Each day in the month of August we’ll be examining a different NHL team — from looking back at last season to discussing a player under pressure to focusing on a player coming off a breakthrough year to asking questions about the future. Today we look at the New York Islanders.
Frankly, the Islanders’ brass would be pretty brash to ask more of Mathew Barzal following his sensational Calder-winning campaign.
Barzal scored 22 goals and 85 points during his rookie year, lighting up highlight reel after highlight reel with his blinding mixture of high-end skill and remarkable confidence. Few players of any experience level would think to attempt the moves Barzal would throw out there, let alone pull them off as often as Barzal did in 2017-18.
You don’t really need to use the “for a rookie” caveat with what Barzal accomplished this past season, although such comments really cement how special his year was. His 85 points rank as the best for a Calder-winner since Evgeni Malkin scored exactly that many back in 2006-07.
Expectations will be steep for Barzal, and not just because of his eye-opening breakthrough. With John Tavares gone, people will expect – or the Islanders will simply need – Barzal to be “the guy.” It’s not outrageous to picture Barzal becoming captain very soon, but even if he doesn’t wear the “C,” he’ll be expected to carry the scoring burden. Not the easiest draw for a guy who’s about to enter his sophomore year.

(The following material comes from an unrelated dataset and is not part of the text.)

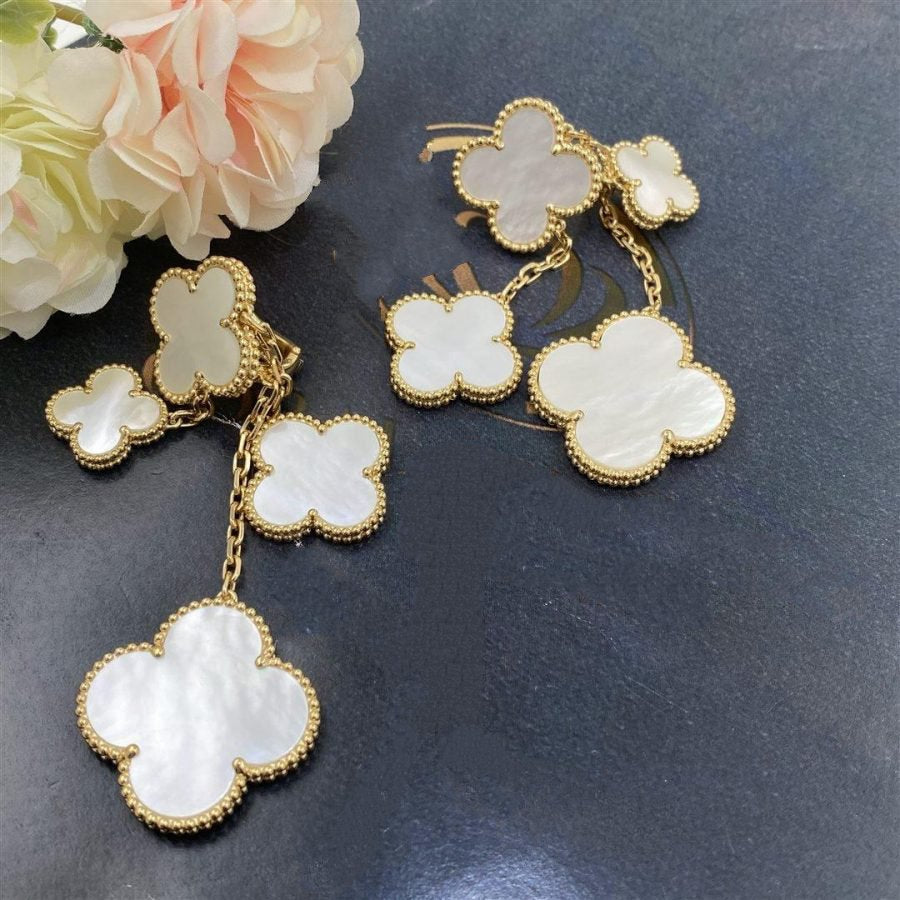 [CiCi]CLOVER EARRINGS WHITE MOP 4 MOTIFS GOLD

Not that Barzal seems to shrink from the spotlight.
Beyond his dazzling skills, Barzal seems to boast that swagger you look for in a star, and what the Isles might need after losing Tavares.
“I don’t want to say he’s happy about John leaving, I’m sure he’s not that type of guy,” Matt Martin said of Barzal, via NHL.com. “But he does have a chip on his shoulder. I think he believes he can be one of the best players in the League. And you’re going to have to have a bigger role to do something like that.”
Granted, this doesn’t hinge on Barzal alone.
With Doug Weight gone for Barry Trotz, will Barzal receive the same free range to grow and learn from his mistakes? There’s always that concern that a more defensive-minded coach might hinder a scorer such as Barzal, especially considering that he’s still so wet-behind-the-ears.
(Speaking of behind the ears, Barzal will need to deal with old-schooler Lou Lamoriello, too. The National Post’s Michael Traikos captured the follicle follies that are already taking place with the Islanders. Fun and dumb stuff.)
Will there be excessive punishments in lost ice time or press conference criticisms if Barzal’s chance-taking backfires, as it almost always does for players who take chances? Might Trotz dial Barzal’s ice time back, in general, because of his defensive proclivities?
For all that went wrong with the Islanders last season, Barzal’s deployment went quite well. He averaged identical power-play ice time as John Tavares, as both logged 3:10 of man-advantage time per night. It didn’t take long for Weight to lean on Barzal overall, either; after averaging 15:28 TOI in October, Barzal’s ice time average never slipped below 16:58 in any other month.
With Tavares out, the Islanders could experiment with giving Barzal even more opportunities. There’s no better time than now to find out if 20-minute-type-work suits Barzal.
(That might seem like a no-brainer, but you also don’t want to hurt his confidence, especially if this Isles team ends up being rough next season.)
It should be fascinating to see how Barzal handles being the focal point of this Islanders team. He’ll receive the big-time offensive opportunities, yet he’ll also be the top focus of the opposition. Even if everything goes well, topping 85 points won’t be easy.
If anyone can do it, Barzal can pull it off. He’s simply that good, and he presents an Islanders an opportunity to show that they can put a star center in the perfect situation after failing to do so with Tavares.